Most of the DRM of yore was pathetic. Usually it was some program that would autorun on a Windows machine to disable the CD drive from reading the audio portion of the disc correctly or by confusing the drive to cause the computer to crash. Lots of these attempts even prevented the discs from being played on normal stand-alone CD players. The consumers weren't happy, and they showed it with large amounts of these CDs being returned. Retailers had to foot the bill, leaving them quite mad as well.
Now Sony takes it up one notch. With some recent music, such as Switchfoot's "Nothing is Sound" album they released the worst possible DRM they could come up with. (For an entire listing of DRM protected Sony CD's from Amazon to avoid, check
here. ) Sony's DRM autoruns a program on Windows asking you to install a specifically built CD-player. The installer presents a standard EULA (End User Liscense Agreement that is presented with almost all software during installation) where there is no mention of the DRM Sony will be installing nor the way the DRM works. But here is what Sony doesn't want you to know.
The DRM installs what is called a rootkit (rootkits are generally an essential part of any good trojan). Essentially, it really screws with Windows to hide itself and all the files it wants to from Windows.
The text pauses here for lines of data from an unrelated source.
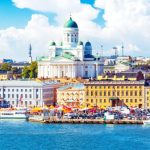 Finland is the happiest country in the world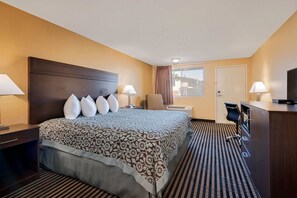 Suite, 1 très grand lit, non-fumeur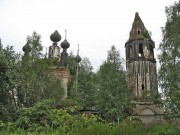 Церковь Троицы Живоначальной в Исупово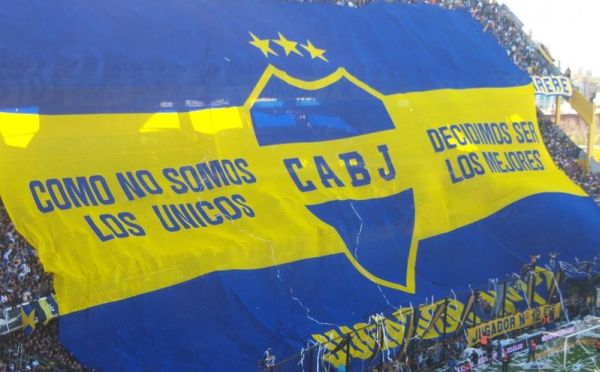 Boca Juniors-Gimnasia La Plata LIVE!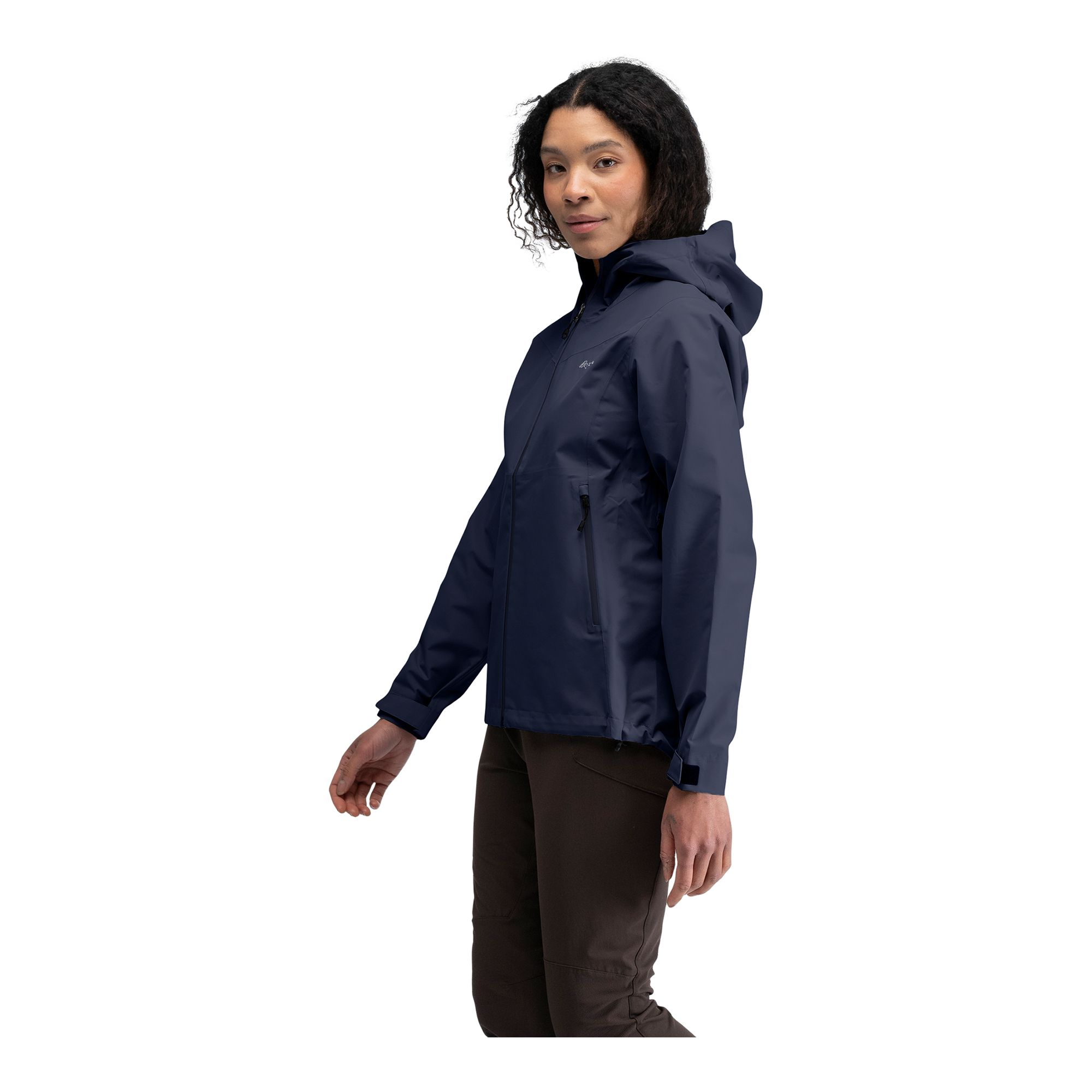 Bergans Of Norway Essentials 2.5L Shell Jacket Women Skaljacka - Bild 4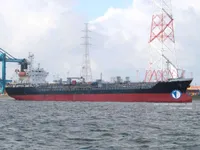 Pétrolier / chimiquier à vendre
Specifically, any file, program, process, or folder starting with "$sys$" are hidden from Windows, and thus from you. The DRM uses this cloaking rootkit to hide the true DRM, a new CD-ROM driver. The new driver has a special function to scramble the data when a ripping program attempts to rip tracks from not just Sony's CDs, but all CDs. It also goes so far to disable CD burners from creating audio discs. It will aslo contact Sony each time you play thier CD to download advertisements to your computer. All in the name of corporate greed.
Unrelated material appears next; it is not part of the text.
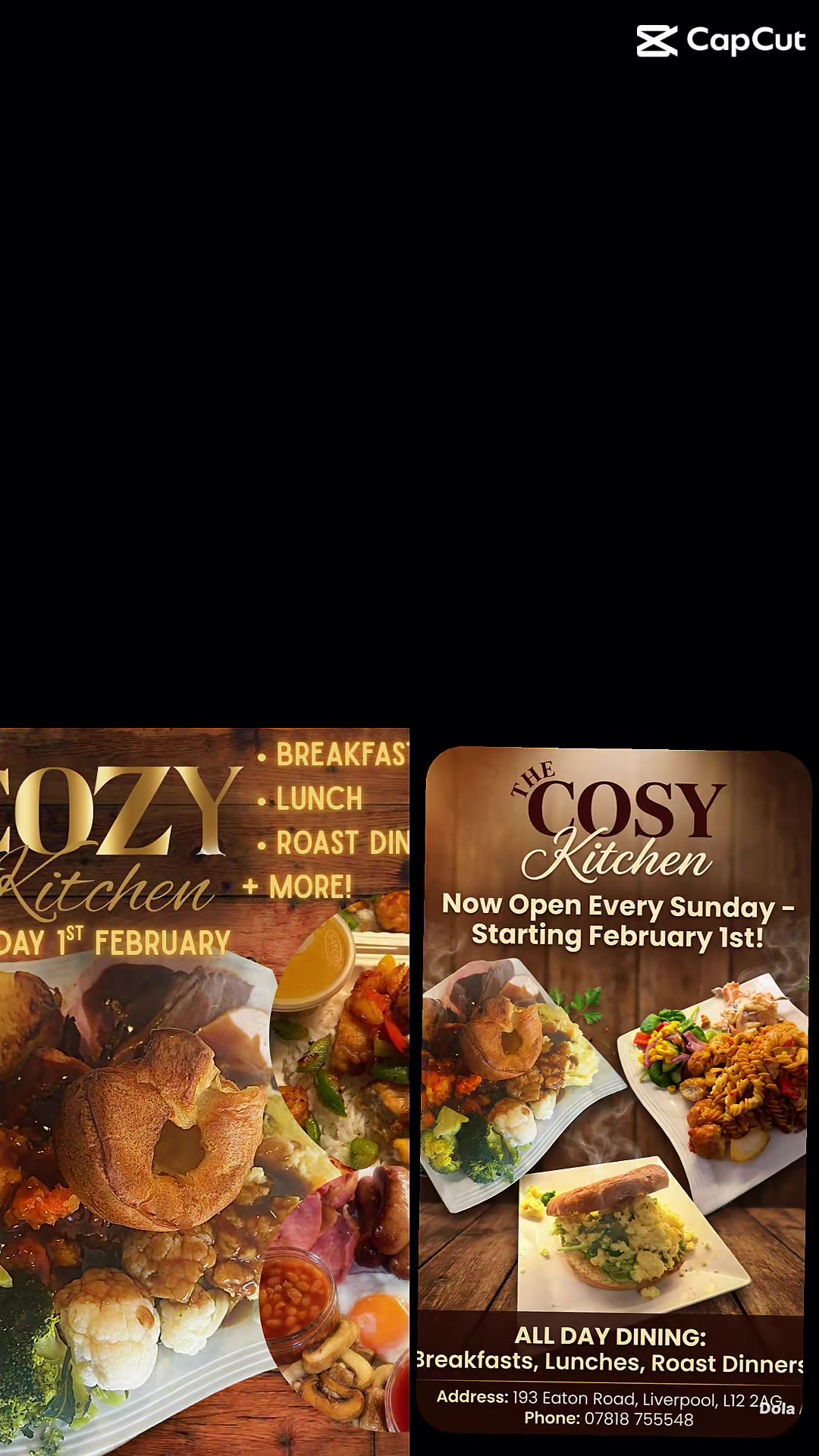 @The Cozy Kitchen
The cd-burner and ripping isn't new, and has been done before. But what is new and what is getting everyone very mad is the rootkit. Here are a few things that can be done with the rootkit:
- World of Warcraft hackers are using the rootkit to hide thier cheating program from Blizzard's anti-cheating program called Warden. Rename the program with the "$sys$" in front of it and it becomes completely hidden.
- Any virus, worm, trojan, spyware, adware, and malware can use this rootkit to hide itself from the user and any virus/spyware scanner.
- Sony can seemlessly install even more restrictive DRM, such as blocking a new program the old version didn't, without the user's knowledge or consent.
The exterior of the CD you buy doesn't mention the wonderful rootkit. It never mentions how it would affect your ability to listen to, burn, or rip other CDs. Sony attempts to hide behind a shrinkwrap EULA. What are they? "By opening this product, you agree to all the terms within." The problem is you have no way to know what the terms are without opening it, and if you don't agree with it you are instructed to return the product to the place of purchase, which, for the most part, won't return opened CD's or computer games since they could have been copied. The really bad part is the EULA inside doesn't mention the above DRM protection methods at all, including the phoning-home part.
Only after the DRM was dragged into the light did Sony offer a uninstaller, which at first required you to email two seperate people and wait for a response from them to get a link to go get the uninstaller. They're obviously trying to frustrate the casual user to keep thier rootkit on your computer. Better yet, the uninstaller doesn't uninstall the DRM, but mearly removes the cloaking feature of the rootkit. In fact, the uninstaller UPGRADES the DRM to a newer version!
And yet, after all of this, Sony still calls thier DRM impliementation "not a security risk."
Maybe after newer versions with deeper imbeded rootkits that also disable P2P software people will realize what all the rage was about.
PS: This was reposted, after the comments were spamed. It was only once, but enough to tick me off, enable post moderation, and repost this post to purge the comments.